Israel allows in only items defined as basic products “essential to the survival of the civilian population”.
- The number of types of items Israel allows into the Gaza Strip: 114. Before the closure: more than 4000 individual items.
|A large Israeli supermarket carries 10,000-15,000 items.
- Among the items whose passage Israel forbids: vinegar, children’s toys, cocoa, chewing gum, paper and musical instruments.
- Truckloads of goods entering Gaza: an average of around 2,300 per month. Before the closure: 10,400 per month (truckloads now entering Gaza thus equals about 25% of pre-closure total).
|30,000 trucks enter Manhattan each day (population of almost 1.6 million people).
- Israel prevents the transfer of raw materials for industry as part of its “economic warfare” policy designed to prevent economic activity in Gaza as a means of pressure: it forbids the transfer to Gaza of large blocks of margarine intended for industrial usage yet allows in small packages of margarine for household consumption; it bans the transfer of rubber, glue and nylon which are used in the production of diapers in the Strip, yet allows the transfer of diapers produced in Israel; and it prevents the transfer of industrial salt, glucose and plastic containers used to produce tahini paste but allows in Israeli-made tahini paste. According to estimates by the Palestinian Federation of Industries, more than 90% of Gaza’s factories belonging to the Federation are closed or working at minimum capacity.
- Export: since the closure (June 2007-today): 259 trucks have left Gaza; before the closure: an average of 70 trucks per day left Gaza (2005). In three years, Israel has permitted exports totaling less than what used to be exported in four days.
|The Israeli food company Tnuva sends out 400 trucks per day from its factory to destinations all over Israel.
- Cooking gas: an average of 2,500 tons per month transferred to Gaza. The demand: 6,000 tons per month.
- Unemployment: 33.9% in the first quarter of 2010.
- Actual participation in the workforce: 36.3% (304,900 people). 65% of the population live below the poverty line.
- Supported by international aid organizations: 80% of the population.
Israel allows the passage of people into and out of Gaza only “in humanitarian and exceptional cases”.
- The Rafah Crossing: closed since June 2007 except for occasional and limited openings that meet 8% of the needs of the residents of the Gaza Strip. In 2010 thus far, an average of 3,192 people passed through the crossing monthly. Before the closure: an average of about 40,000 people traveled through the crossing.
|An average of 910,000 people transit through Tel Aviv’s Ben Gurion Airport each month. An average of 125,000 people cross through the Allenby Bridge Crossing (between Israel and Jordan) every month.

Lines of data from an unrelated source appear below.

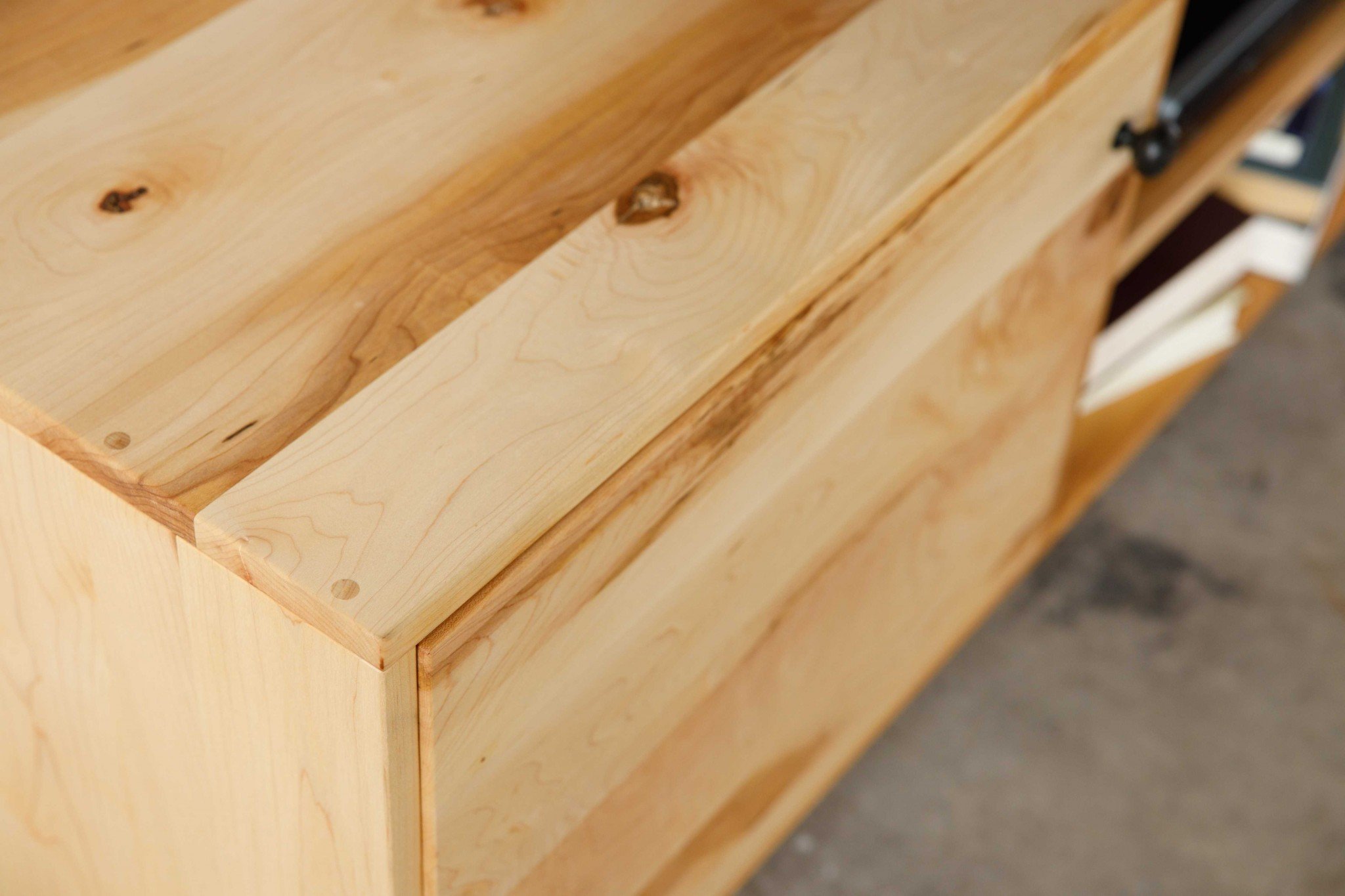 Natural Maple and Black Steel TV Stand showcasing mid-century modern design with spacious storage for media accessories.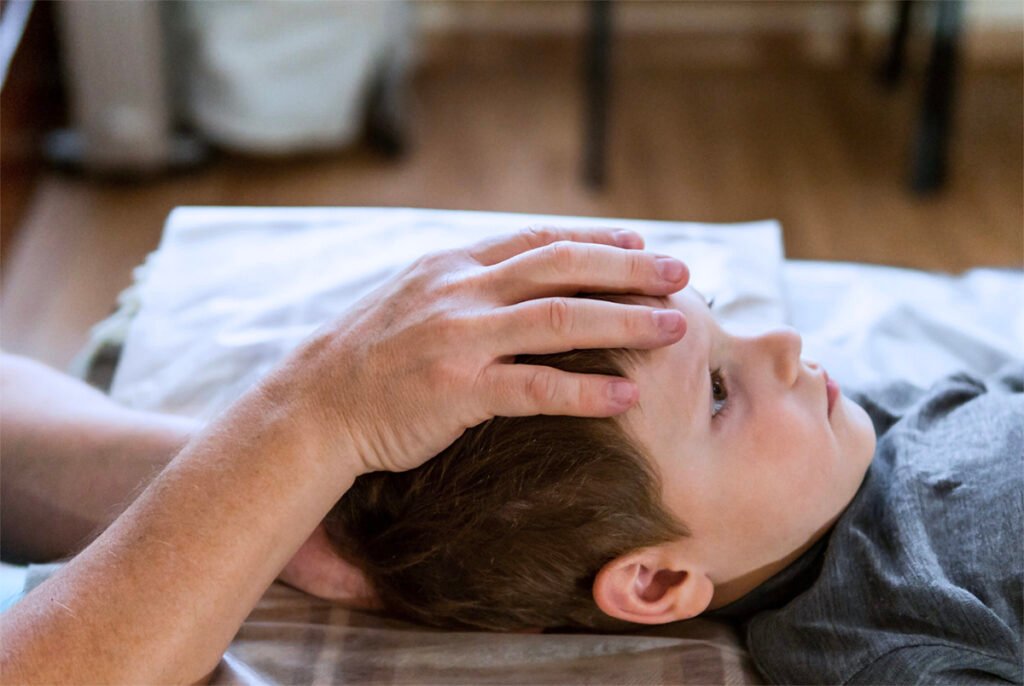 Cranial osteopathy treatment shown with an osteopath gently supporting a child’s head.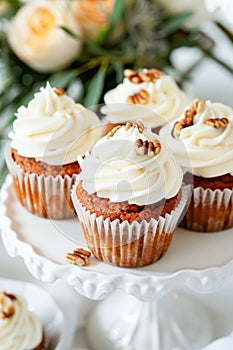 Elegant Carrot Cupcakes Topped With Cream Cheese Frosting on a Ceramic Stand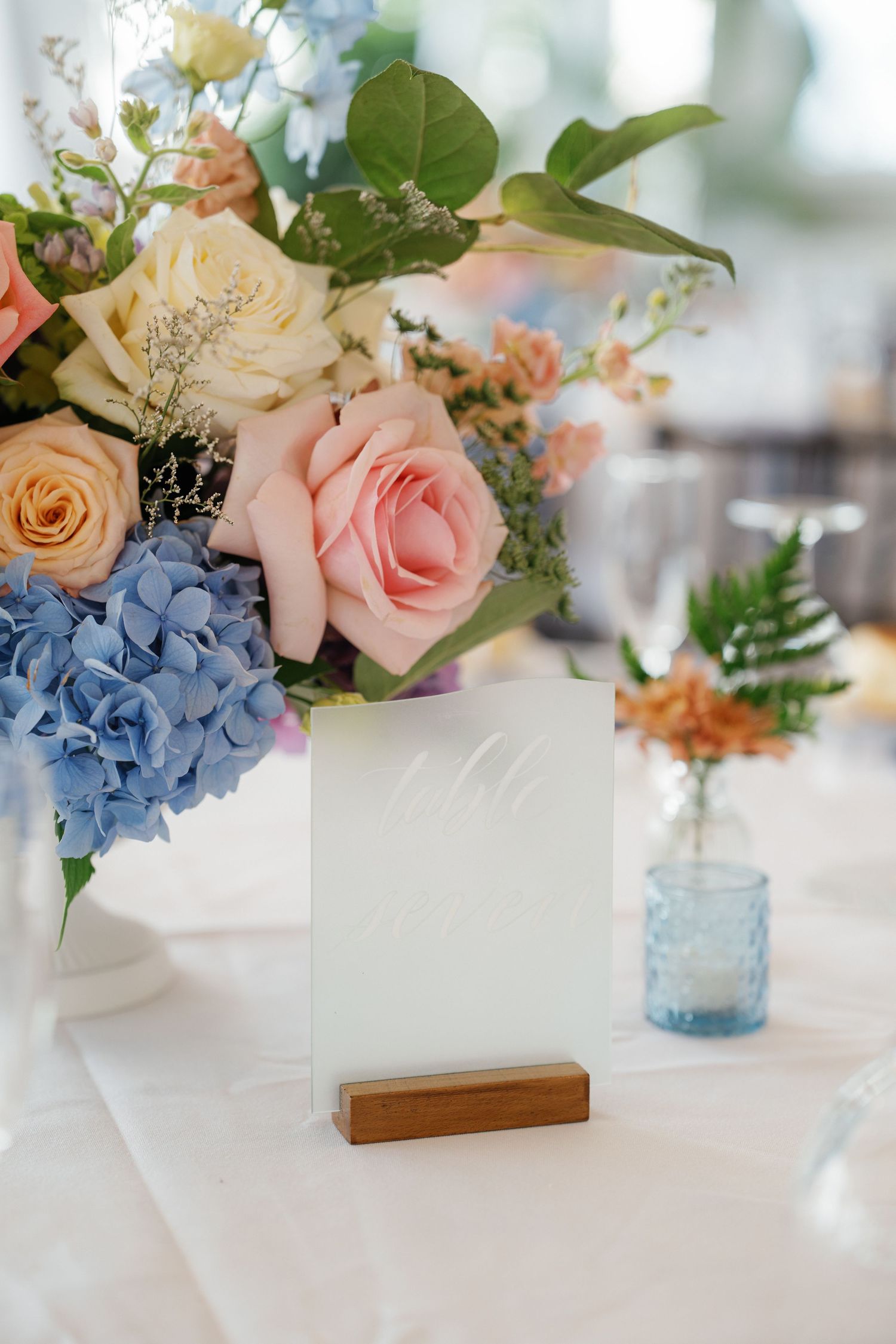 Blue hydrangeas and pink roses arranged in vintage blue mason jars as elegant wedding centerpieces on white tablecloth.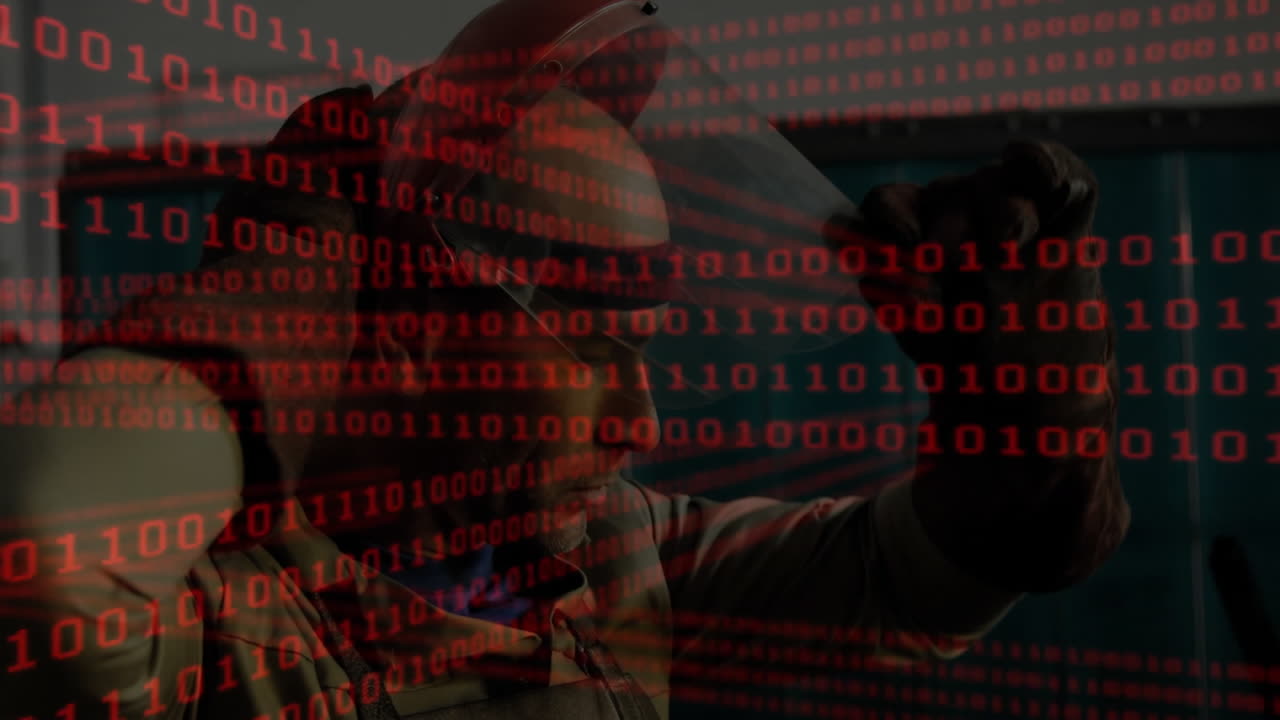 male welder operating torch, projecting red binary code overlay across industrial workshop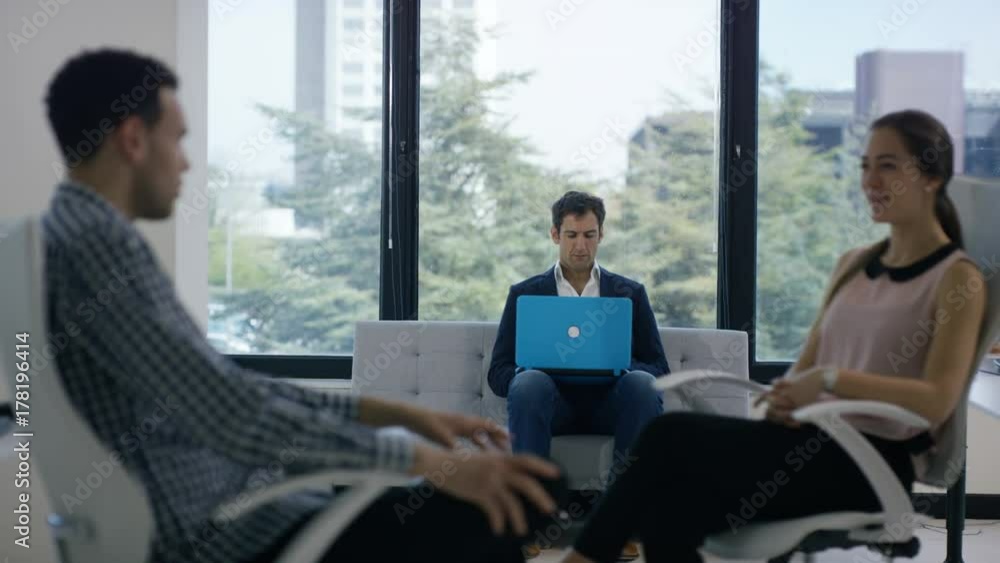 Business team in office meeting, looking at sales figures & discussing ideas Business team in office meeting, looking at sales figures & discussing ideas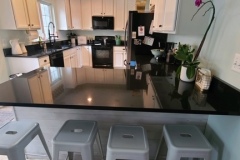 Absolute Black granite peninsula with 18" overhang for seating in LaPlata, MD.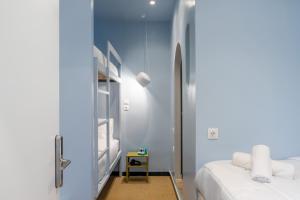 une chambre aux murs bleus et deux lits dans l'établissement Cabins Sleeping, à Athènes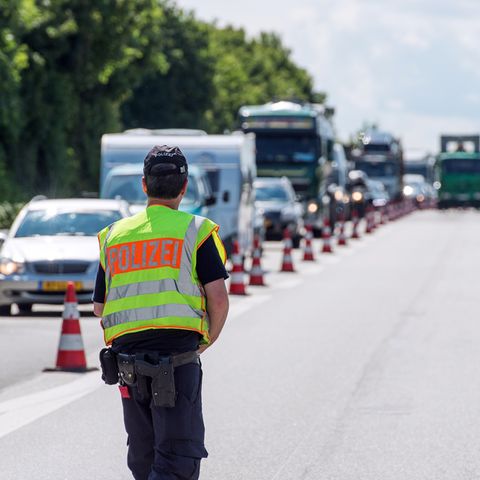 Ein Polizist kontrolliert auf einer Autobahn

- Not humanitarian according to Israel: A visit by a woman living in the West Bank to her husband in the Gaza Strip; children visiting their father in the Gaza Strip; a son from Gaza visiting his dying mother in Jordan (“family ties in themselves do not constitute sufficient humanitarian justification for travel”); students going to study in the West Bank and abroad; travel by merchants for the purposes of trade; travel for training and more.
- Untreated or partially treated sewage dumped into the sea: 80 million liters per day.
- More than 90% of water is polluted (its origin is the Gaza Strip aquifer).
- 660 schools; 453,258 students; an average of 38 students per classroom; two shifts of school per day.
- In 2009, 38,317 students graduated and were supposed to be absorbed by the labor market.
Construction and Rehabilitation
- 86,000 housing units need to be constructed to meet the needs of the population (due both to natural growth and the destruction caused by the war).
- 3,956,000 tons of cement are needed.
- 653,600 tons of steel are needed.
- 129 million meters of electric cables are needed.
- Building materials whose transfer Israel prevents: cement, gravel, iron, marble, wood.